--- Data shown Enclosed Below ---

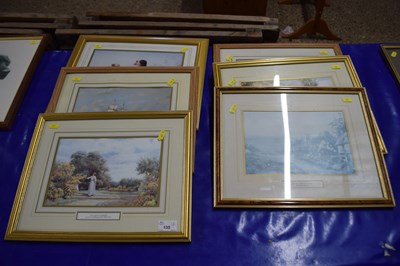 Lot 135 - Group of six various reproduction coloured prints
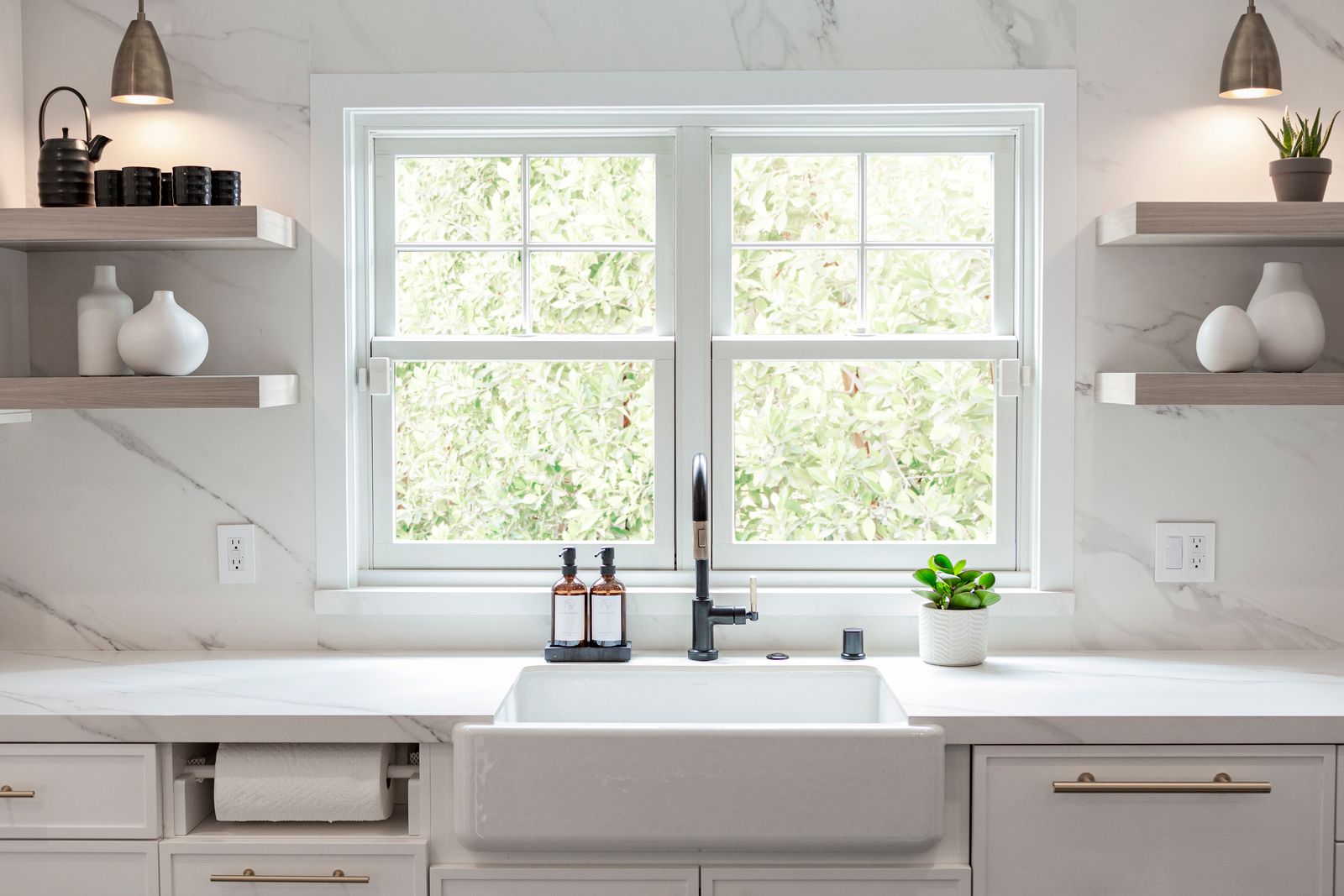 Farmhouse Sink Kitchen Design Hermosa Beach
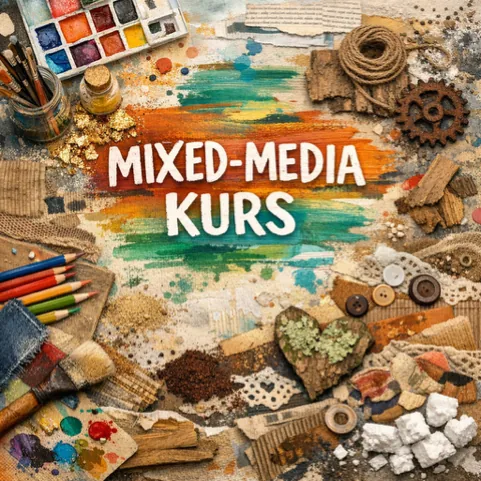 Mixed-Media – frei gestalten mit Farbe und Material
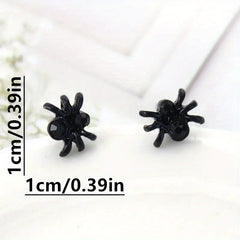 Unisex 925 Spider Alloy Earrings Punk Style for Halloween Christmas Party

--- End of Enclosed Data shown ---

| Requirement |
Leave out every picture and copy verbatim the lines running from the line containing "Farmhouse Sink Kitchen Design Hermosa Beach" through the final line of the data.

| Written answer |
 Farmhouse Sink Kitchen Design Hermosa Beach
 Mixed-Media – frei gestalten mit Farbe und Material
 Unisex 925 Spider Alloy Earrings Punk Style for Halloween Christmas Party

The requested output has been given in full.